Which time series am I querying, filtering, grouping, or aggregating?

Alerting labels answer:

How should this alert be identified, grouped, routed, silenced, and deduplicated?

Recording rules answer:

What expensive or repeated PromQL result should I precompute as a new time series?

Alerting rules answer:

What condition should create a firing alert?

PromQL Labels

PromQL labels are part of the metric data model.

Example:

probe_success{
  job="url-monitors",
  monitor_id="mon_1001",
  monitor_name="checkout_health",
  team="checkout",
  environment="prod",
  instance="https://checkout.example.com/health"
}

These labels are stored with the time series. You use them to select, group, and aggregate metrics.

Select checkout monitors:

probe_success{team="checkout", environment="prod"}

Group availability by team:

avg by (team) (
  probe_success{job="url-monitors"}
)

Find down monitors:

probe_success{job="url-monitors"} == 0

PromQL labels are powerful, but they are also the source of cardinality. Every unique label set creates a distinct time series.

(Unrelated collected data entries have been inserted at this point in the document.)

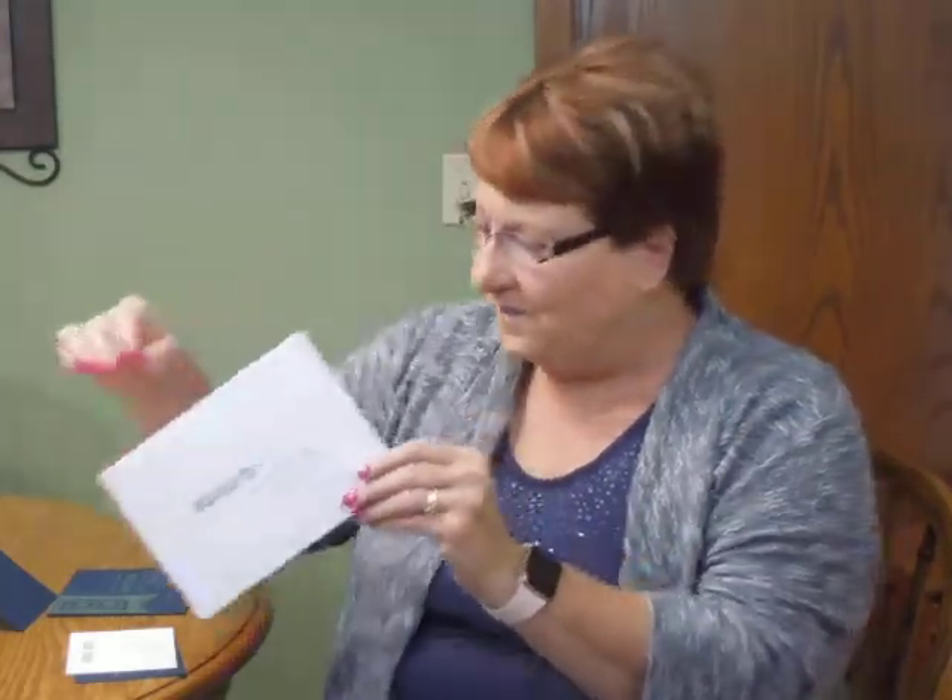This bar mitzvah invitation comes with single bright white envelopes. We show it here with the optional lining on the inside, the return address on the back flap, and guest addressing on the front. You may purchase this invitation at InvitationsForLess.com.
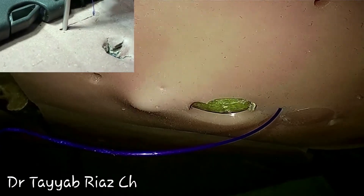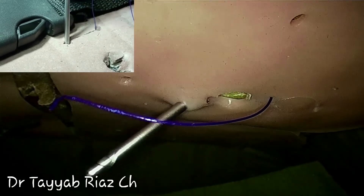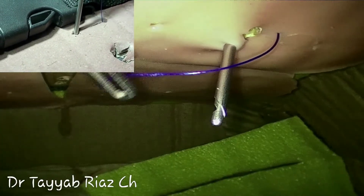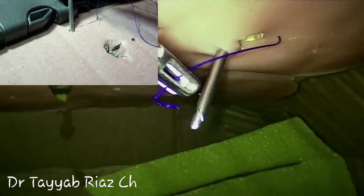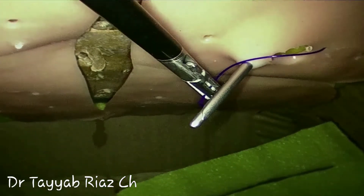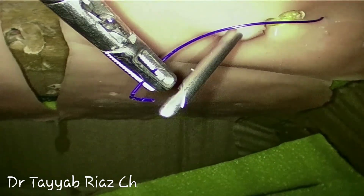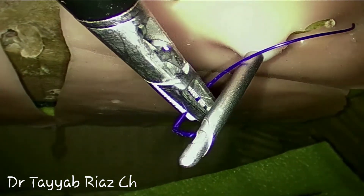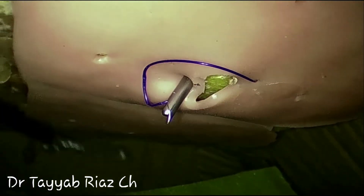Insert the needle again through the same 10 millimeter defect on the opposite side, again at the same distance. With the help of the left hand instrument, feed the end of the thread to the side eye of the Veress needle. This is a very fine movement and it needs rehearsal. After that, pull the stilet and bring out the end of the thread.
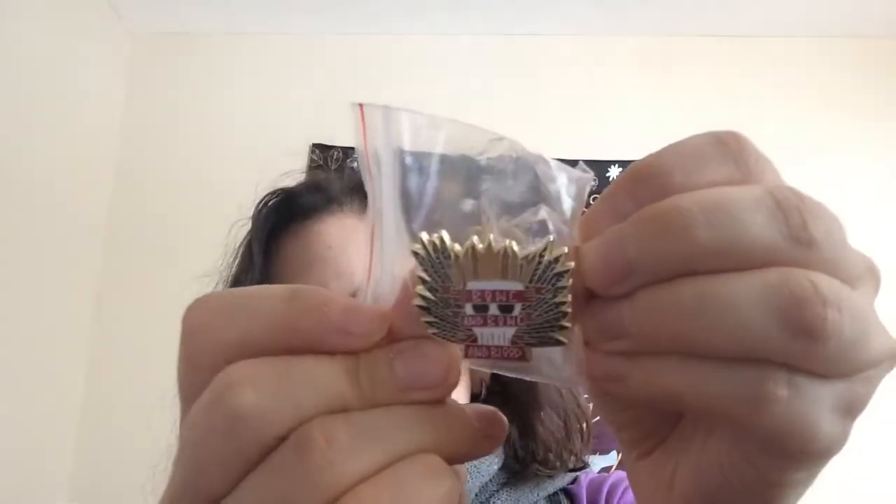Oh, they have a pin! So this pin says 'Bone and Blood.' I don't know where it's from but it's really beautiful. So we got a pin.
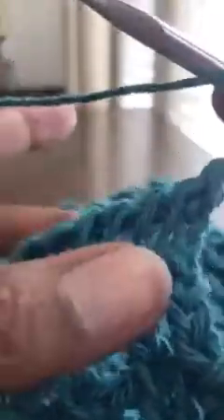So when you get to the end, all we're going to do is chain two and start the next row. So here's the end — chain two, one, two. Yarn over, and we're going to skip this yarn over from the row below, go into the next vertical bar from left to right, pull up a loop, and just chain one. Yarn over, skip this yarn over from the row before, go into the next vertical loop, pull a loop up, and just chain one.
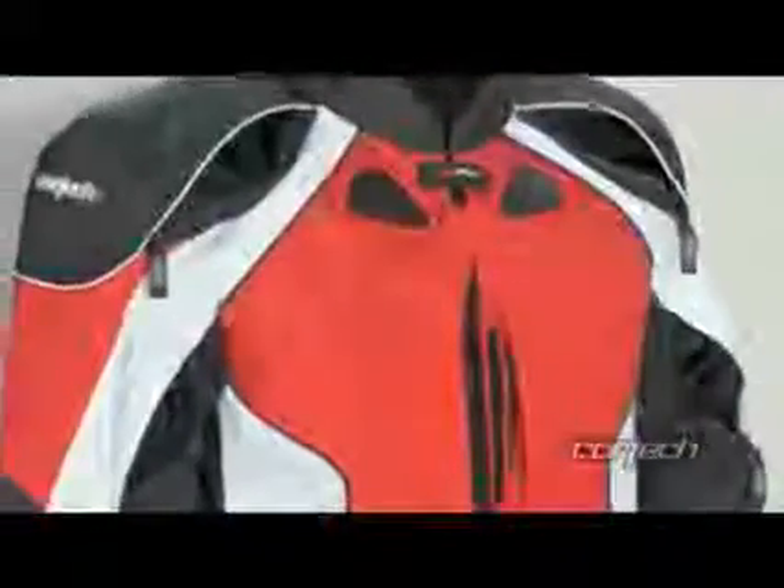Cortex ZOQ zip-out quilted liner in the GX Sport features warming 100-gram polyfill insulation. Two vertical waterproof zipper chest mat pockets with mesh backing so they double as vents. Two hand warmer pockets and an interior mobile phone pocket.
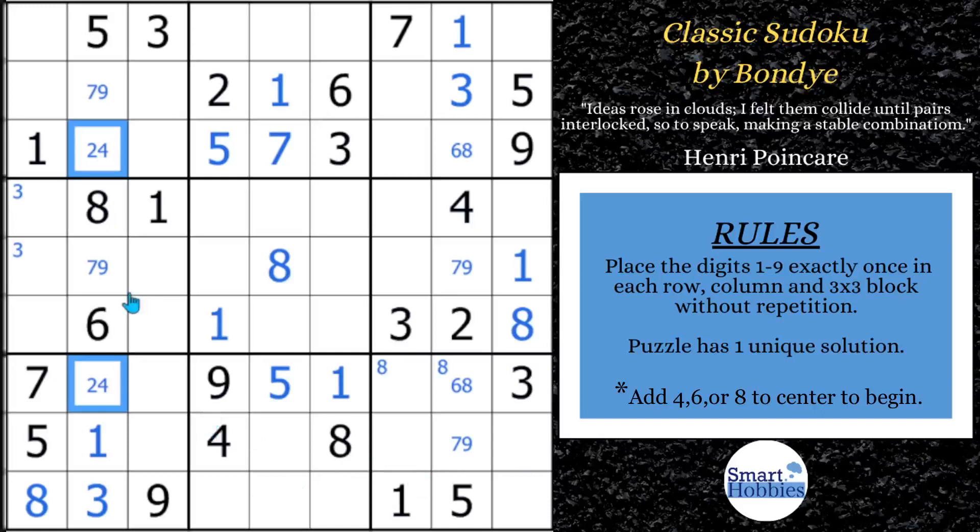That's going to help us out here in just a little bit. You've got this 3 and this 3, which means this has to be a 3. And this creates a naked triple of a 2, 6, 7. A naked triple means those are locked candidates — only three places they can be in block 8 and row 9. So we can solve the remaining cell — that has to be a 4 now.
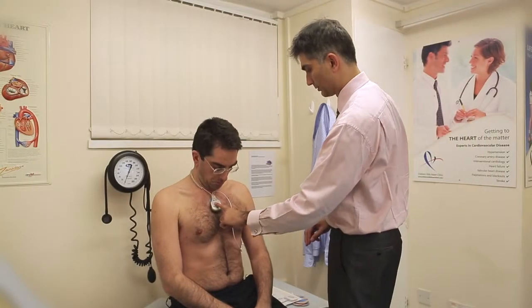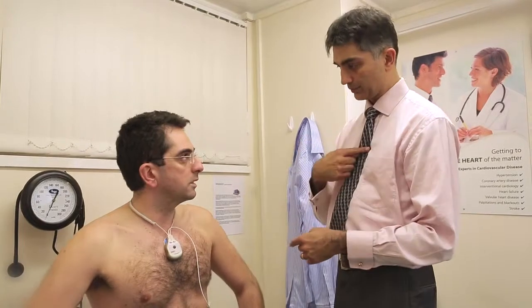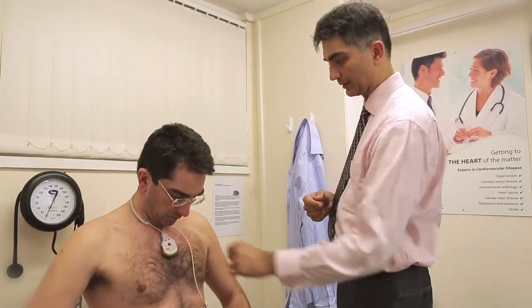The monitor is usually fitted in the clinic room. The electrodes are attached to the patient, usually two electrodes on the chest of the patient, and the workings of the monitor are explained.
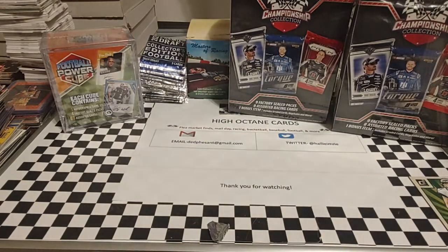Like we said, we're going to go ahead and open up these championship collection boxes, trying to see what's inside of them. We'll definitely go through them. Hopefully these will be as good as the last three we got.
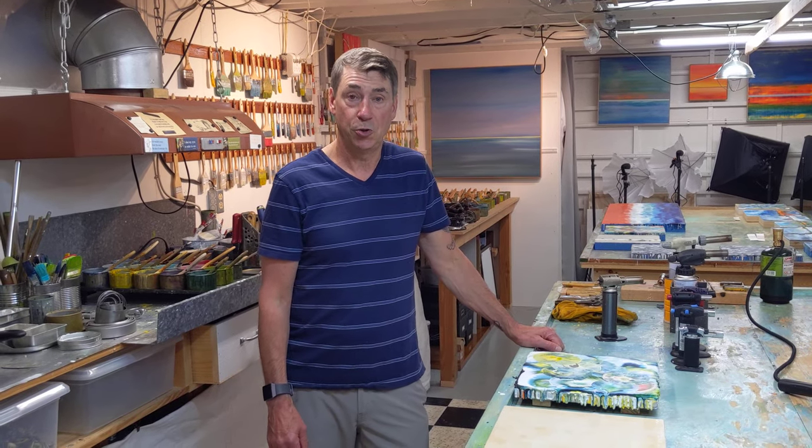Thanks for joining me with Portland Open Studios. I hope you enjoy the tour. You can find me on Facebook, Instagram, and also on my website.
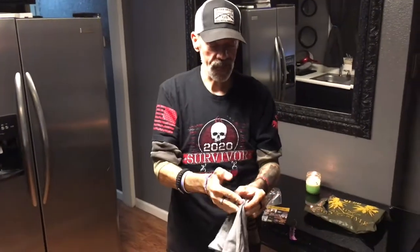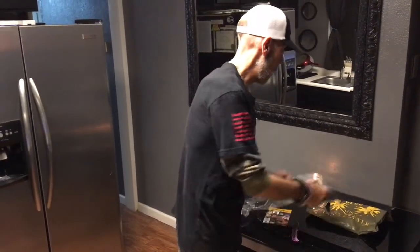So you want to join Club Grunt Style — it's a dollar to join for the first month, you get your shirt, and then every month after that it's $20 with free shipping. That's one of the perks: free shipping on anything on the site.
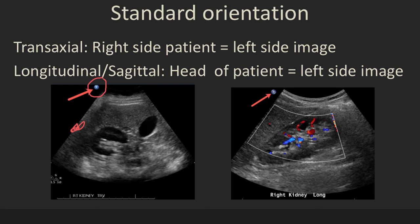For longitudinal sagittal images, the head of the patient is the left side of the image. You can see the liver and kidney longitudinally — the foot of the patient is on the right side of the image and the head is on the left. The transaxial orientation on ultrasound is the same as on a CT scan, which will help if you're used to looking at CT scans.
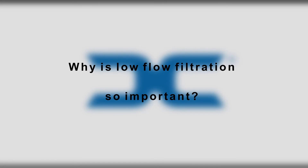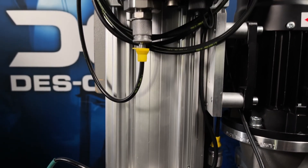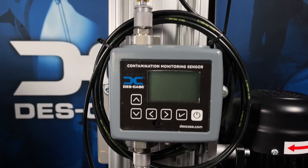The offline unit has an integrated filter bypass. In the event that the filter plugs up excessively, flow will bypass the element and leave the discharge immediately. Generally speaking, the lower the flow rate through a filter, the higher the efficiency. So allowing for constant dedicated filtration allows you to flow slower, remove more particulate contamination, and overall improve the health of your device.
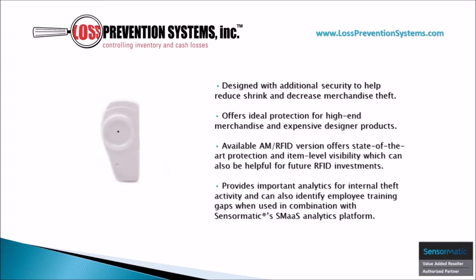The sleek design of the SuperTag 4 allows for this hard tag to be utilized on high-end merchandise without taking away from the aesthetic of the products themselves. It is also available in AM/RFID configurations, which allows it to be paired with SMaaS analytics platforms.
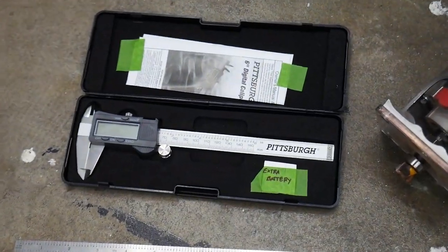It's a pretty easy mod on paper, but it can be stressful because you're putting a big hole in your guitar and it is permanent. Let's start with the tools you're going to need.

Cardinality Example: One Metric Name, Many Series

This looks like one metric:

http_requests_total

But Prometheus does not store only the metric name. It stores each unique combination of labels as a separate time series.

Example series:

http_requests_total{service="checkout", method="GET", status="200"} 12000
http_requests_total{service="checkout", method="GET", status="500"} 42
http_requests_total{service="checkout", method="POST", status="200"} 8000
http_requests_total{service="billing", method="GET", status="200"} 9100
http_requests_total{service="billing", method="POST", status="500"} 11

Same metric name. Different label sets. Different time series.

If you have:

10 services
x 4 HTTP methods
x 6 status groups
x 3 environments
= 720 active series

That can be fine.

But if you add an unbounded label like user_id:

10 services
x 4 HTTP methods
x 6 status groups
x 3 environments
x 1,000,000 users
= 720,000,000 active series

That is a Prometheus incident waiting to happen.

Good metric label:

http_requests_total{route="/users/:id"}

Bad metric label:

http_requests_total{route="/users/9427f3a0-6e6b-4c02-a96d-4bb42d9f9d31"}

Good metric label:

api_requests_total{status="500", team="checkout"}

Bad metric label:

api_requests_total{status="500", request_id="req_01J9V8H4F9ZQ9Y6T"}

Rule of thumb:

Use labels for bounded dimensions you aggregate by. Do not use labels for per-request, per-user, per-session, or per-event values.

Alerting Labels

Alerting labels are labels on the alert object.

Example alerting rule:

groups:
  - name: url-monitor-alerts
    rules:
      - alert: UrlMonitorDown
        expr: probe_success{job="url-monitors"} == 0
        for: 3m
        labels:
          severity: page
          team: "{{ $labels.team }}"
          monitor_id: "{{ $labels.monitor_id }}"
        annotations:
          summary: "URL monitor failed: {{ $labels.monitor_name }}"
          description: "{{ $labels.instance }} failed blackbox probes for 3 minutes."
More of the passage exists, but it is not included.